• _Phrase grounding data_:
++++++

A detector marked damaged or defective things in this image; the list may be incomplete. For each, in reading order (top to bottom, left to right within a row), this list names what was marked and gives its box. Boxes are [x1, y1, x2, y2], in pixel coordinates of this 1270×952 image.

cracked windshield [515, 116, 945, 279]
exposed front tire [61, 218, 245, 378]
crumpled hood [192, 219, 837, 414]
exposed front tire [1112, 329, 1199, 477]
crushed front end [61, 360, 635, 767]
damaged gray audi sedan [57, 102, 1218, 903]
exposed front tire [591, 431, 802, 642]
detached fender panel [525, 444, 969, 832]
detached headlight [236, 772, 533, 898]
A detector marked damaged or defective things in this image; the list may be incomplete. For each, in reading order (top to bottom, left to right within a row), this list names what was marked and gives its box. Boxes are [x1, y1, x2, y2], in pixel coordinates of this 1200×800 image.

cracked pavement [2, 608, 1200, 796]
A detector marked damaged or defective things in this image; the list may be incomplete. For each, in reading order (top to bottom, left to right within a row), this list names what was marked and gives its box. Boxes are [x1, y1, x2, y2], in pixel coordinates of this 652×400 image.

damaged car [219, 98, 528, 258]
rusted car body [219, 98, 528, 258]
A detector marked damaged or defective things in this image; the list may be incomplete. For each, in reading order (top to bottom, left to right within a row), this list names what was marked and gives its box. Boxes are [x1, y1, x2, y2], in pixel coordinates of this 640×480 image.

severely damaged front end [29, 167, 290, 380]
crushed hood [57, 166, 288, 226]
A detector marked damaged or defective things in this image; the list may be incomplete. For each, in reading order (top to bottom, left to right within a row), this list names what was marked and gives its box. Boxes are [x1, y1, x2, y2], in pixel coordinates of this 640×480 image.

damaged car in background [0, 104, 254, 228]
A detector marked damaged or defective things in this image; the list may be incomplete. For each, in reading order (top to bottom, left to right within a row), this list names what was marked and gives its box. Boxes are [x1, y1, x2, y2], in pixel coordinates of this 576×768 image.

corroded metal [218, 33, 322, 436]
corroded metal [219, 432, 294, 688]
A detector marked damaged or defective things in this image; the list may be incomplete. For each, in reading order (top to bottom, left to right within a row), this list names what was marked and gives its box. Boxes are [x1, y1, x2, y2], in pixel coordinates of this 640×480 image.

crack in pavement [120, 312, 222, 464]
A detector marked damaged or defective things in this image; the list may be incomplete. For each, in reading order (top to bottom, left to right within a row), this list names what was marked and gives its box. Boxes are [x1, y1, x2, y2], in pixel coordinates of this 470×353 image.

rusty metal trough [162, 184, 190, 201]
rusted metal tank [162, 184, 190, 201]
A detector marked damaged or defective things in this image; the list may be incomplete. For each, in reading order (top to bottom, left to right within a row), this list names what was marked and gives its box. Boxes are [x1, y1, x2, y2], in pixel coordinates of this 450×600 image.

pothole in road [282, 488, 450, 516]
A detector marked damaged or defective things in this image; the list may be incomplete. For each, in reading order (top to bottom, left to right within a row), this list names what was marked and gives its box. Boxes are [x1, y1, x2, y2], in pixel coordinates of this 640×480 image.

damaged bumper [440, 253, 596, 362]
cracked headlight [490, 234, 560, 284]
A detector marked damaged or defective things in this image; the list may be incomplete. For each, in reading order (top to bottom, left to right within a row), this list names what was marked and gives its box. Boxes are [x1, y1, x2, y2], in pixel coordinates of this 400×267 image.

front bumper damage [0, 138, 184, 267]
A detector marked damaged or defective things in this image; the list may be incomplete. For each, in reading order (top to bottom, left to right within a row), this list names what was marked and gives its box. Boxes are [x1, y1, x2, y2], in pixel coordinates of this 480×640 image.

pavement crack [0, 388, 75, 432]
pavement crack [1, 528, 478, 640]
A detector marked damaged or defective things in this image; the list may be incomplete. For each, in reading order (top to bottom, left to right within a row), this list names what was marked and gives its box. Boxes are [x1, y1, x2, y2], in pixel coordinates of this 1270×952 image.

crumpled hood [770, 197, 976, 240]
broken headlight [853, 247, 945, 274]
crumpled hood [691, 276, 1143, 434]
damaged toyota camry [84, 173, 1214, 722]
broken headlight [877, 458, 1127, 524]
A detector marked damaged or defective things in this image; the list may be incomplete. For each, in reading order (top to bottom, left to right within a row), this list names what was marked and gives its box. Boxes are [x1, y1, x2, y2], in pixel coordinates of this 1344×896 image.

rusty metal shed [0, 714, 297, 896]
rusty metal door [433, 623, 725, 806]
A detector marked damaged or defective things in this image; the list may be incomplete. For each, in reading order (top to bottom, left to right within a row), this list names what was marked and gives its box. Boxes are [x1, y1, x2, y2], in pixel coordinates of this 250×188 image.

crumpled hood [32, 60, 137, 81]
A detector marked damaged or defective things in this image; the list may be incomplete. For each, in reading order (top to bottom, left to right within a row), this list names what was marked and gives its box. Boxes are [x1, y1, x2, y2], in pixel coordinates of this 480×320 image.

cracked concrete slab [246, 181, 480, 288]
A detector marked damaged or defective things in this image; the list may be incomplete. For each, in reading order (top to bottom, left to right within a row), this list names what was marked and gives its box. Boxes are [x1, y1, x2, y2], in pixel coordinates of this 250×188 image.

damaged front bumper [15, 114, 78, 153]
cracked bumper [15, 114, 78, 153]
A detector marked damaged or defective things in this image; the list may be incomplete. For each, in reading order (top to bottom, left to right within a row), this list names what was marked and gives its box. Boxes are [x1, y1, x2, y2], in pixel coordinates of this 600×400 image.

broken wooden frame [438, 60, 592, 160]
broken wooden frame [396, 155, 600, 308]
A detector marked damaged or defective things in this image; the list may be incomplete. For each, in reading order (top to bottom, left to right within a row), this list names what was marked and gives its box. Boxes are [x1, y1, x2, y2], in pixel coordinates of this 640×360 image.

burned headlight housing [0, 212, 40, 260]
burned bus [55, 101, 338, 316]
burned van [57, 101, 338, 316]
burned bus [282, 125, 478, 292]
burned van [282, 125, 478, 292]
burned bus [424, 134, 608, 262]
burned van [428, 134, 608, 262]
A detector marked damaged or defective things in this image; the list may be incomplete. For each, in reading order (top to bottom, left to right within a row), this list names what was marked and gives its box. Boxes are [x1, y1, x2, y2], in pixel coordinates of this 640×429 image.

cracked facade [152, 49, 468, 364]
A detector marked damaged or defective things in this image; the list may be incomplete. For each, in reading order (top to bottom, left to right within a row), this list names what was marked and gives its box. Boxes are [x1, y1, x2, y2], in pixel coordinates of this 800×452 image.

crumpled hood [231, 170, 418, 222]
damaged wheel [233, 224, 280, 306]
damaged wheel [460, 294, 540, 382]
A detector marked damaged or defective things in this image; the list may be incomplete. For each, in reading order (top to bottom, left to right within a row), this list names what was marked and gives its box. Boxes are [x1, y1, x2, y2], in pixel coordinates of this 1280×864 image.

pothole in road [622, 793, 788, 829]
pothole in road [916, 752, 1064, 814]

++++++

• _THE TASK_:
An exact copy of every entry is the expected result.

• _EXPECTED ANSWER_:
A detector marked damaged or defective things in this image; the list may be incomplete. For each, in reading order (top to bottom, left to right within a row), this list names what was marked and gives its box. Boxes are [x1, y1, x2, y2], in pixel coordinates of this 1270×952 image.

cracked windshield [515, 116, 945, 279]
exposed front tire [61, 218, 245, 378]
crumpled hood [192, 219, 837, 414]
exposed front tire [1112, 329, 1199, 477]
crushed front end [61, 360, 635, 767]
damaged gray audi sedan [57, 102, 1218, 903]
exposed front tire [591, 431, 802, 642]
detached fender panel [525, 444, 969, 832]
detached headlight [236, 772, 533, 898]
A detector marked damaged or defective things in this image; the list may be incomplete. For each, in reading order (top to bottom, left to right within a row), this list names what was marked and gives its box. Boxes are [x1, y1, x2, y2], in pixel coordinates of this 1200×800 image.

cracked pavement [2, 608, 1200, 796]
A detector marked damaged or defective things in this image; the list may be incomplete. For each, in reading order (top to bottom, left to right within a row), this list names what was marked and gives its box. Boxes are [x1, y1, x2, y2], in pixel coordinates of this 652×400 image.

damaged car [219, 98, 528, 258]
rusted car body [219, 98, 528, 258]
A detector marked damaged or defective things in this image; the list may be incomplete. For each, in reading order (top to bottom, left to right within a row), this list names what was marked and gives its box. Boxes are [x1, y1, x2, y2], in pixel coordinates of this 640×480 image.

severely damaged front end [29, 167, 290, 380]
crushed hood [57, 166, 288, 226]
A detector marked damaged or defective things in this image; the list may be incomplete. For each, in reading order (top to bottom, left to right within a row), this list names what was marked and gives its box. Boxes are [x1, y1, x2, y2], in pixel coordinates of this 640×480 image.

damaged car in background [0, 104, 254, 228]
A detector marked damaged or defective things in this image; the list may be incomplete. For each, in reading order (top to bottom, left to right within a row), this list names what was marked and gives its box. Boxes are [x1, y1, x2, y2], in pixel coordinates of this 576×768 image.

corroded metal [218, 33, 322, 436]
corroded metal [219, 432, 294, 688]
A detector marked damaged or defective things in this image; the list may be incomplete. For each, in reading order (top to bottom, left to right within a row), this list names what was marked and gives its box. Boxes are [x1, y1, x2, y2], in pixel coordinates of this 640×480 image.

crack in pavement [120, 312, 222, 464]
A detector marked damaged or defective things in this image; the list may be incomplete. For each, in reading order (top to bottom, left to right within a row), this list names what was marked and gives its box. Boxes are [x1, y1, x2, y2], in pixel coordinates of this 470×353 image.

rusty metal trough [162, 184, 190, 201]
rusted metal tank [162, 184, 190, 201]
A detector marked damaged or defective things in this image; the list may be incomplete. For each, in reading order (top to bottom, left to right within a row), this list names what was marked and gives its box. Boxes are [x1, y1, x2, y2], in pixel coordinates of this 450×600 image.

pothole in road [282, 488, 450, 516]
A detector marked damaged or defective things in this image; the list may be incomplete. For each, in reading order (top to bottom, left to right within a row), this list names what was marked and gives its box. Boxes are [x1, y1, x2, y2], in pixel coordinates of this 640×480 image.

damaged bumper [440, 253, 596, 362]
cracked headlight [490, 234, 560, 284]
A detector marked damaged or defective things in this image; the list may be incomplete. For each, in reading order (top to bottom, left to right within a row), this list names what was marked and gives its box. Boxes are [x1, y1, x2, y2], in pixel coordinates of this 400×267 image.

front bumper damage [0, 138, 184, 267]
A detector marked damaged or defective things in this image; the list may be incomplete. For each, in reading order (top to bottom, left to right within a row), this list names what was marked and gives its box. Boxes are [x1, y1, x2, y2], in pixel coordinates of this 480×640 image.

pavement crack [0, 388, 75, 432]
pavement crack [1, 528, 478, 640]
A detector marked damaged or defective things in this image; the list may be incomplete. For each, in reading order (top to bottom, left to right within a row), this list names what was marked and gives its box. Boxes are [x1, y1, x2, y2], in pixel coordinates of this 1270×952 image.

crumpled hood [770, 197, 976, 240]
broken headlight [853, 247, 945, 274]
crumpled hood [691, 276, 1143, 434]
damaged toyota camry [84, 173, 1214, 722]
broken headlight [877, 458, 1127, 524]
A detector marked damaged or defective things in this image; the list may be incomplete. For each, in reading order (top to bottom, left to right within a row), this list names what was marked and gives its box. Boxes are [x1, y1, x2, y2], in pixel coordinates of this 1344×896 image.

rusty metal shed [0, 714, 297, 896]
rusty metal door [433, 623, 725, 806]
A detector marked damaged or defective things in this image; the list may be incomplete. For each, in reading order (top to bottom, left to right within a row), this list names what was marked and gives its box. Boxes are [x1, y1, x2, y2], in pixel coordinates of this 250×188 image.

crumpled hood [32, 60, 137, 81]
A detector marked damaged or defective things in this image; the list may be incomplete. For each, in reading order (top to bottom, left to right within a row), this list names what was marked and gives its box. Boxes are [x1, y1, x2, y2], in pixel coordinates of this 480×320 image.

cracked concrete slab [246, 181, 480, 288]
A detector marked damaged or defective things in this image; the list may be incomplete. For each, in reading order (top to bottom, left to right within a row), this list names what was marked and gives its box. Boxes are [x1, y1, x2, y2], in pixel coordinates of this 250×188 image.

damaged front bumper [15, 114, 78, 153]
cracked bumper [15, 114, 78, 153]
A detector marked damaged or defective things in this image; the list may be incomplete. For each, in reading order (top to bottom, left to right within a row), this list names what was marked and gives its box. Boxes are [x1, y1, x2, y2], in pixel coordinates of this 600×400 image.

broken wooden frame [438, 60, 592, 160]
broken wooden frame [396, 155, 600, 308]
A detector marked damaged or defective things in this image; the list may be incomplete. For each, in reading order (top to bottom, left to right within a row), this list names what was marked and gives its box. Boxes are [x1, y1, x2, y2], in pixel coordinates of this 640×360 image.

burned headlight housing [0, 212, 40, 260]
burned bus [55, 101, 338, 316]
burned van [57, 101, 338, 316]
burned bus [282, 125, 478, 292]
burned van [282, 125, 478, 292]
burned bus [424, 134, 608, 262]
burned van [428, 134, 608, 262]
A detector marked damaged or defective things in this image; the list may be incomplete. For each, in reading order (top to bottom, left to right within a row), this list names what was marked and gives its box. Boxes are [x1, y1, x2, y2], in pixel coordinates of this 640×429 image.

cracked facade [152, 49, 468, 364]
A detector marked damaged or defective things in this image; the list may be incomplete. For each, in reading order (top to bottom, left to right within a row), this list names what was marked and gives its box. Boxes are [x1, y1, x2, y2], in pixel coordinates of this 800×452 image.

crumpled hood [231, 170, 418, 222]
damaged wheel [233, 224, 280, 306]
damaged wheel [460, 294, 540, 382]
A detector marked damaged or defective things in this image; the list may be incomplete. For each, in reading order (top to bottom, left to right within a row), this list names what was marked and gives its box. Boxes are [x1, y1, x2, y2], in pixel coordinates of this 1280×864 image.

pothole in road [622, 793, 788, 829]
pothole in road [916, 752, 1064, 814]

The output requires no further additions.